Running Hive queries

You learn how to query Hive tables from the command line of your cluster. Before attempting to run queries, you must meet a few prerequisites.

  • You have SSH access to the command line of the cluster.
  • As administrator, you set up a Ranger policy for running SQL queries.
  1. In Environment, accept the default environment or select another environment.
  2. Click All Services.
  3. Click Connect to Hive.
  4. Copy the JDBC String URL.
  5. Connect to the gateway node of the cluster using SSH.
  6. On the command line of the cluster, start Beeline.
    For example:
    $ beeline
  7. At the Beeline prompt, enter ! connect, a space, and then paste the JDBC String URL.
    ! connect jdbc:hive2://demodh-manager0.cdpsaasd.eu55-rsdu.cloudera.site/;ssl=true;transportMode=http;httpPath=demodh/cdp-proxy-api/hive
  8. At the username prompt enter your workload user name, and then enter your workload password.
    The Hive prompt appears when the connection succeeds:
    Connected to: Apache Hive (version 3.1.3000.7.2.12.4-1)
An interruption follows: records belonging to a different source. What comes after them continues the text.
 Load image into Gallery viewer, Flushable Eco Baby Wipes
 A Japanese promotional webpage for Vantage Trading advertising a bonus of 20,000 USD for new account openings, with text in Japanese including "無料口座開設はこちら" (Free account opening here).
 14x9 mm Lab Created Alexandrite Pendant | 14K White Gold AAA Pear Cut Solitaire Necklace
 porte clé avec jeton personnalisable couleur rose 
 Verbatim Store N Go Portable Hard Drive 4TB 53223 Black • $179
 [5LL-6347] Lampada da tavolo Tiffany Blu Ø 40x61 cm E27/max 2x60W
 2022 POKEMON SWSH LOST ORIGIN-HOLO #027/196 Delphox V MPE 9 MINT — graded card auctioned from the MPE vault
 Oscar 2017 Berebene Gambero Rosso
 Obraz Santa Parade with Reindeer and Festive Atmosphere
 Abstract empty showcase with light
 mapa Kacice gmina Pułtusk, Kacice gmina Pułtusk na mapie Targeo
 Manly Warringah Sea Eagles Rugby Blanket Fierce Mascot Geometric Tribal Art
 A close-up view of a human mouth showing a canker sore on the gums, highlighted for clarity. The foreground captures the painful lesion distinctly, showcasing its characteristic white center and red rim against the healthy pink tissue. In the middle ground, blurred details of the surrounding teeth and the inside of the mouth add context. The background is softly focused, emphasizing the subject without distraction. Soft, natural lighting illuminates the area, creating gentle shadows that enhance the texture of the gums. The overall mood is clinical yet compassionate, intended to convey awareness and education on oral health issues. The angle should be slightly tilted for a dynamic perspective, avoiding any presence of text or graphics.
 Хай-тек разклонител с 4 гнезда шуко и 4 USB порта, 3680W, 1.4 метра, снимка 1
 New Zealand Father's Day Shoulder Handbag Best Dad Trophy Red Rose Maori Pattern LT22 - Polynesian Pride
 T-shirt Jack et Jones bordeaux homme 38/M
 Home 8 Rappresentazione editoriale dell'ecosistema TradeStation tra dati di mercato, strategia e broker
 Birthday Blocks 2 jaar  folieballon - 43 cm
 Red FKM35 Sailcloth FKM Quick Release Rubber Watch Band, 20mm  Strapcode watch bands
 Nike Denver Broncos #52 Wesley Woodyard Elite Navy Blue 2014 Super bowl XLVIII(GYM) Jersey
    Driver: Hive JDBC (version 3.1.3000.7.2.12.4-1)
    Transaction isolation: TRANSACTION_REPEATABLE_READ
    0: jdbc:hive2://demodh-manager0.cdpsaasd.eu55>
  9. Run Hive queries.
    For example:
    show databases;           
    The output looks something like this:
    +--------------------------------------+
    |            database_name             |
    +--------------------------------------+
    | airlines_demo                        |                          
    | default                              |                             
    | information_schema                   |                           
    | sys                                  |
    +--------------------------------------+
  10. Query the airlines_demo data:
    For example:
    USE airlines_demo;
    
    SELECT f.month, a.iata, a.airport, a.city, a.state, a.country
    FROM flights f,
    airports a
    WHERE f.origin = a.iata
    GROUP BY 
    f.month,
    a.iata,
    a.airport,
    a.city,
    a.state,
    a.country
    HAVING COUNT(*) > 10000
    ORDER BY AVG(f.DepDelay) DESC
    LIMIT 10;
    The output looks something like this:
    +----------+---------+---------------------------+---------------+----------+------------+
    | f.month  | a.iata  |             a.airport     |    a.city     | a.state  | a.country  |
    +----------+---------+---------------------------+---------------+----------+------------+
    | 12       | ORD     | Chicago O'Hare            | Chicago       | NULL     | USA        |
    | 6        | EWR     | Newark Intl               | Newark        | NULL     | USA        |
    | 7        | JFK     | John F Kennedy Intl       | New York      | NULL     | USA        |
    | 6        | IAD     | Washington Dulles         | Chantilly     | NULL     | USA        |
    | 7        | EWR     | Newark Intl               | Newark        | NULL     | USA        |
    | 6        | PHL     | Philadelphia Intl         | Philadelphia  | NULL     | USA        |
    | 1        | ORD     | Chicago O'Hare            | Chicago       | NULL     | USA        |
    | 6        | ORD     | Chicago O'Hare            | Chicago       | NULL     | USA        |
    | 7        | ATL     | William B Hartsfield-Atlanta | Atlanta       | NULL     | USA     |
    | 12       | MDW     | Chicago Midway               | Chicago       | NULL     | USA     |
    +----------+---------+------------------------------+---------------+----------+---------+
    10 rows selected (103.812 seconds)